> _What you need to do_:
For this item, repeat the material exactly while omitting its pictures.

> _Raw data_:
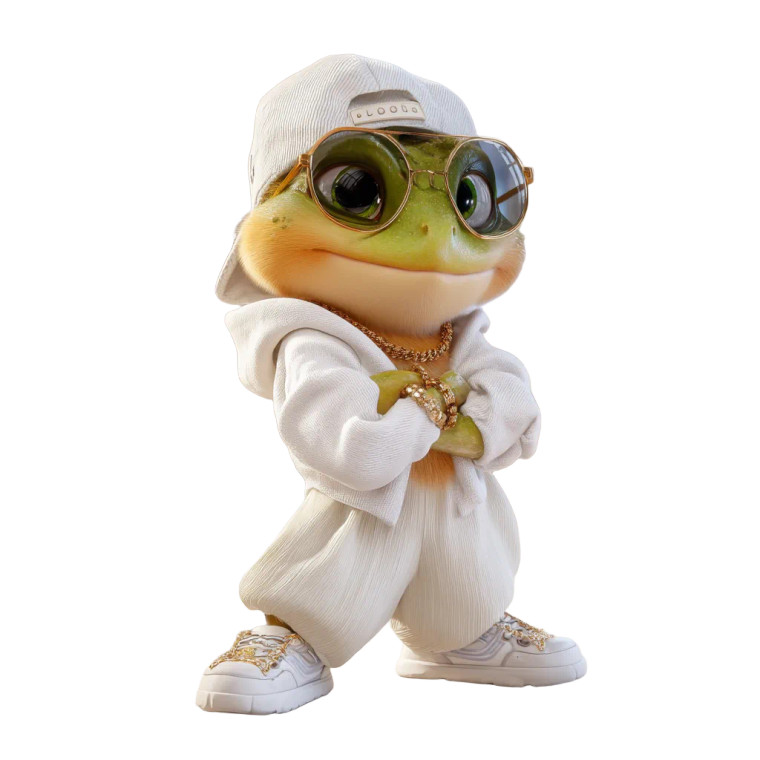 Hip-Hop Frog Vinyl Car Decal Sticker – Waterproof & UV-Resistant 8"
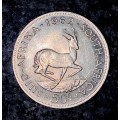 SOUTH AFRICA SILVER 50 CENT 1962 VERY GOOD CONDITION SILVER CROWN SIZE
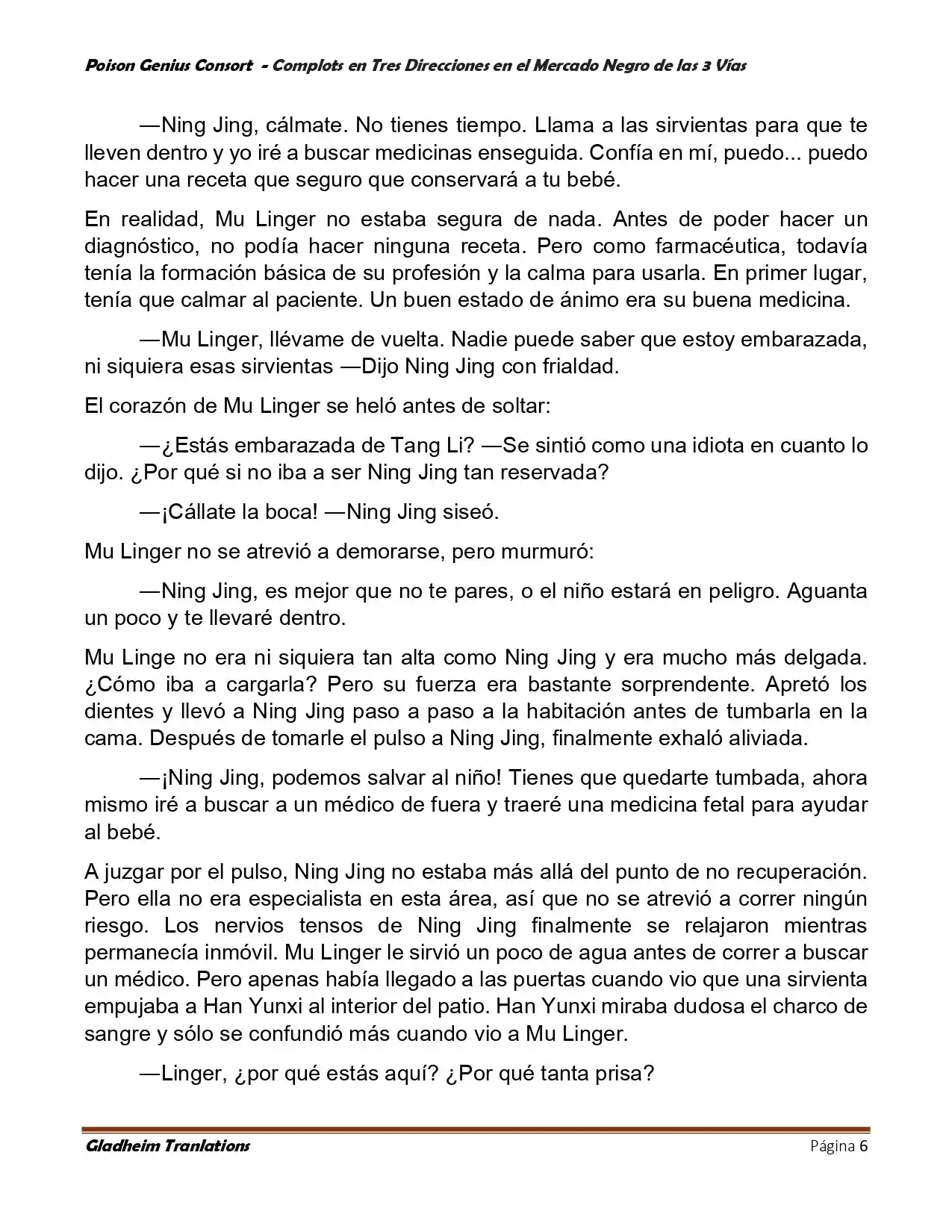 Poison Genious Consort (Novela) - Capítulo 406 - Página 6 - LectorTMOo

> _Reply_:
 Hip-Hop Frog Vinyl Car Decal Sticker – Waterproof & UV-Resistant 8"
 SOUTH AFRICA SILVER 50 CENT 1962 VERY GOOD CONDITION SILVER CROWN SIZE
 Poison Genious Consort (Novela) - Capítulo 406 - Página 6 - LectorTMOo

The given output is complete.